• PROVIDED ENTRIES:
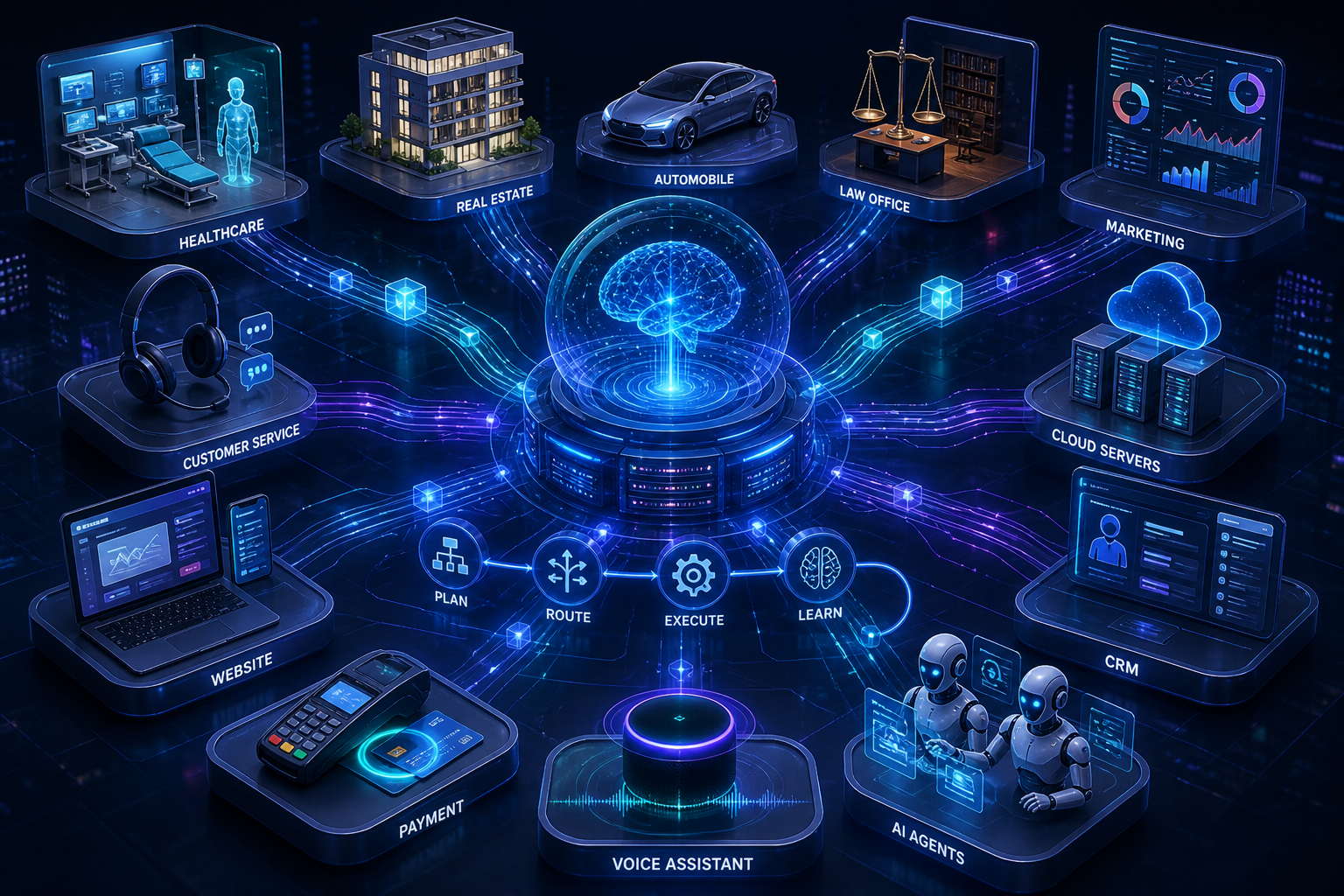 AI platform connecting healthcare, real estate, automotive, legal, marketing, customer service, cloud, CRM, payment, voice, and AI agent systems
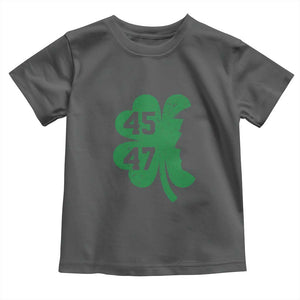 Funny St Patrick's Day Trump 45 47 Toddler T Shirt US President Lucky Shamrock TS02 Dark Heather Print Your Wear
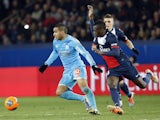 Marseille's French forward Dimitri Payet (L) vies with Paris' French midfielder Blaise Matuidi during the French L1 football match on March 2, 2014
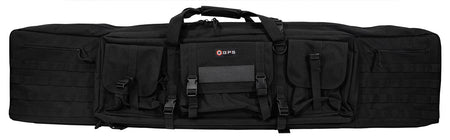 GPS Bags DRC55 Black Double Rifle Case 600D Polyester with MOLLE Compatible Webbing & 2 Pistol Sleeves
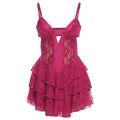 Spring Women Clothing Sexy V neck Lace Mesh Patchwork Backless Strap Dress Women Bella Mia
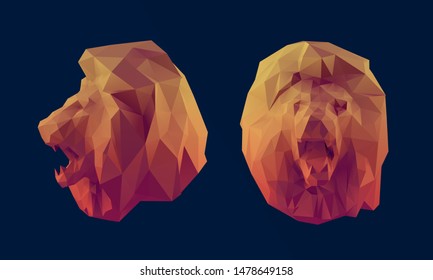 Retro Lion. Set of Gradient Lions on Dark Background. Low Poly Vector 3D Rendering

--

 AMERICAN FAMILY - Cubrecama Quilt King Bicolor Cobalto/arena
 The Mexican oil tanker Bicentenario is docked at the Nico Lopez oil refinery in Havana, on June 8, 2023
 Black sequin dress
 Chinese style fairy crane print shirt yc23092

---

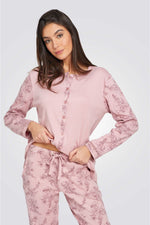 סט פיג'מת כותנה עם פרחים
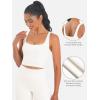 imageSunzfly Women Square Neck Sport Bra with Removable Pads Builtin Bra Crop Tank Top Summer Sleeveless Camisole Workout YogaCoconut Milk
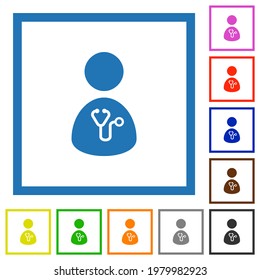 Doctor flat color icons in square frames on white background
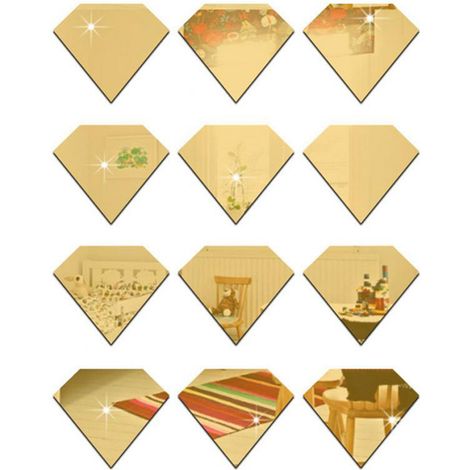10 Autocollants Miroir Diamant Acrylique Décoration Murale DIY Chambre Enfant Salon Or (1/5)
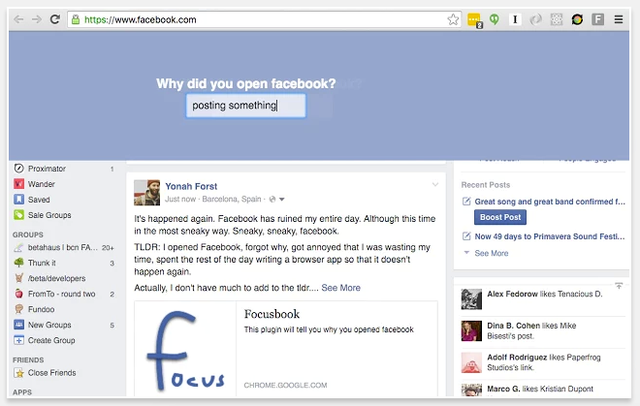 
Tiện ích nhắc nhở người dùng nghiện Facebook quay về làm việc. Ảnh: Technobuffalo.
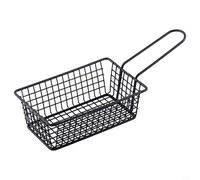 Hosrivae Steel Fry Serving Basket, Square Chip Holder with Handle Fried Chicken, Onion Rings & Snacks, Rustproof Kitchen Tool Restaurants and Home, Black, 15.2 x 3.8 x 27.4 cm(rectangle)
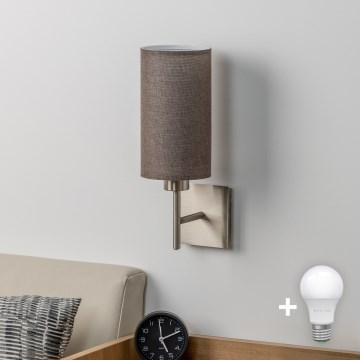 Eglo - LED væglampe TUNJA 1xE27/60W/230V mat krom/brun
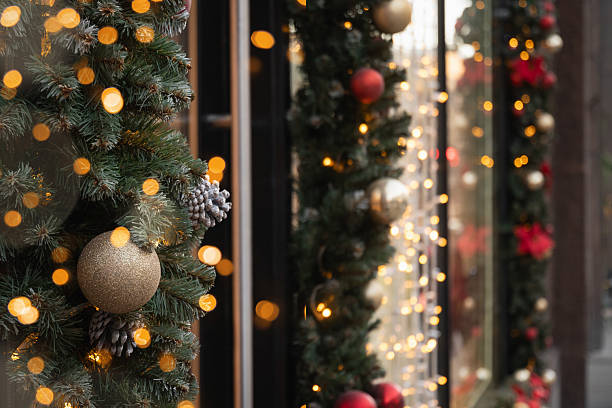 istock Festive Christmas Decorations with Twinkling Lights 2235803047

• ABOUT THIS EXERCISE:
Leaving each picture behind, please give again exactly the lines above from the one with "AI platform connecting" through the one with "Retro Lion. Set", both included, and no others.

• ANSWER SECTION:
 AI platform connecting healthcare, real estate, automotive, legal, marketing, customer service, cloud, CRM, payment, voice, and AI agent systems
 Funny St Patrick's Day Trump 45 47 Toddler T Shirt US President Lucky Shamrock TS02 Dark Heather Print Your Wear
 Marseille's French forward Dimitri Payet (L) vies with Paris' French midfielder Blaise Matuidi during the French L1 football match on March 2, 2014
 GPS Bags DRC55 Black Double Rifle Case 600D Polyester with MOLLE Compatible Webbing & 2 Pistol Sleeves
 Spring Women Clothing Sexy V neck Lace Mesh Patchwork Backless Strap Dress Women Bella Mia
 Retro Lion. Set of Gradient Lions on Dark Background. Low Poly Vector 3D Rendering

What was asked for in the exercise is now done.